Broker randomly turns off

Dear community,
Within our system, we are running EMQX 5.0.15. We’ve been noticing that the Broker is often down, in the last 2 weeks, we already have two cases when the Broker was down and we had to restart it manually. Since the broker needs to always be up and running, we are wondering if there are any ways to ensure that the broker will always run?

Kind regards,
Preanger

Can you provide more log information?

Hello,

How do you start the broker?
We build deb and rpm packages that include systemd unit file that allow to start emqx as a service. It restarts the broker on failure: emqx/emqx.service at e1864775311e9dede78a1a03d2b5e7d789d4d1f1 · emqx/emqx · GitHub

@zhongwencool, thank you for your reply.
I noticed that the broker was down again this weekend. Here is the log that I can gather for the past day, see attached. Could it be something with the SSL?

emqx.log.txt.zip (921 Bytes)

Hi @dmif, thank you for your reply. Could you provide us more information on how to start emqx as a service?
As far as I can see I don’t see it in the documentation…

Regards

These logs in the log file should not cause the node to die. Are there any other abnormal crash logs. Or is there a file called erl_crash.dump.

Yes, here is the erl_crash.dump file:

erl_crash.zip (530.5 KB)

Hi @dmif, thank you for your reply. Could you provide us more information on how to start emqx as a service?
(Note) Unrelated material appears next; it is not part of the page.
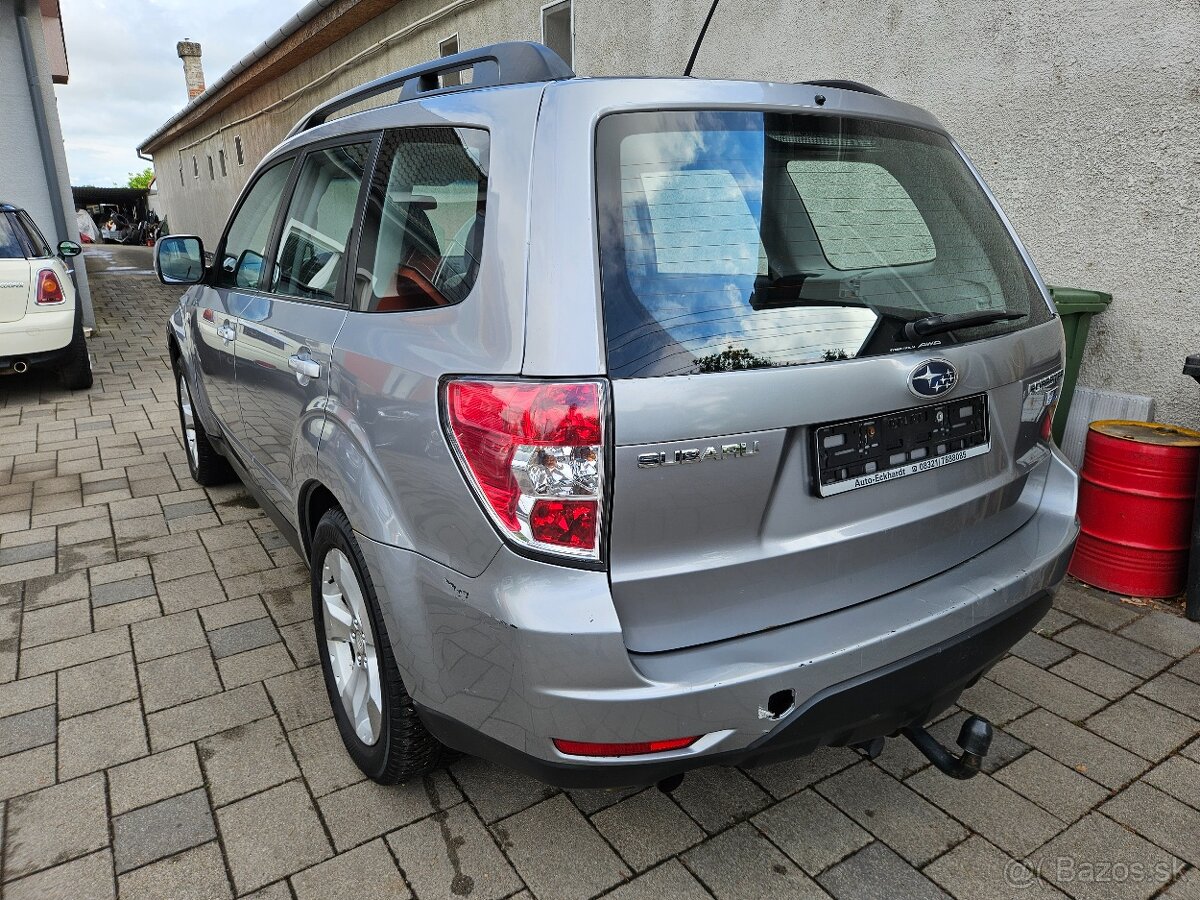 Predám Subaru Forester 2,0d - 7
Amazon Linux 2 | EMQX 5.0 Documentation , see “start EMQX with systemctl” (using amazon linux as an example, but the procedure is similar in all distros using systemd as the init system)

Ah, I see that the solution seems to be specific for Linux only. Unfortunately that doesn’t work for us, since we have the broker running on a Windows machine. Is it possible to have the broker running as a service in a Windows machine?

Hello,

I see. No, unfortunately we don’t support this. Our windows builds are mostly targeted towards developers, so they could test client code with EMQX running in the local environment, rather than production systems.

Thu Mar  9 12:42:21 2023
Slogan: Kernel pid terminated (application_controller) ({application_start_failure,kernel,{bad_return,{{kernel,start,[normal,[]]},{'EXIT',{{badmatch,{error,{bad_config,{handler,{kernel,{handler_not_added,{file_error,"log/emqx.log.siz",eacces}}}}}}},[{kernel,start,2,[{file,"kernel.erl"},{line,38}]},{application_master,start_it_old,4,[{file,"application_master.erl"},{line,293}]}]}}}}})
System version: Erlang/OTP 24 [erts-12.3.2.8] [source] [64-bit] [smp:2:2] [ds:2:2:10] [async-threads:1] [jit]
Taints: crypto,asn1rt_nif,dyntrace,jiffy
Atoms: 53635
Calling Thread: scheduler:1
=scheduler:1

the crash log is happend on Thu Mar 9 12:42:21 2023, and it’s show have not right to access log/emqx.* and it start failed.
I think it’s a start failure error, not the randomly closed one.
I also notice you only have one schedule. The hardware configuration is too low, call also make the operator system to shutdown emqx.
What is your machine configuration?

Dear @zhongwencool, thank you for your reply and excuse for my late reaction.
I am not sure I understand what you mean, could you elaborate more about low configuration and one schedule?
And what are the possible fixes to this problem?

Kind regards, Preanger

@zhongwencool pointed out this part of the crash log:

{file_error,"log/emqx.log.siz",eacces}

This reads as: EMQX failed to start because it couldn’t access some of the system files that it uses for normal operation. (<emqx dir>/log/emqx.log.siz is the file).
Also the broker didn’t turned off, it failed to start (see application_start_failure part of the error).
So this error is caused by wrong file permissions on the operating system. It could happen if you ran it as root (or administrator), and then restarted it as a regular user for example.

I also notice you only have one schedule. The hardware configuration is too low, call also make the operator system to shutdown emqx.

Schedulers usually refer to CPU cores. Having only one scheduler could mean that there is only on CPU core, this is usually quite too low-spec for EMQX in production environment.

I hope this helps.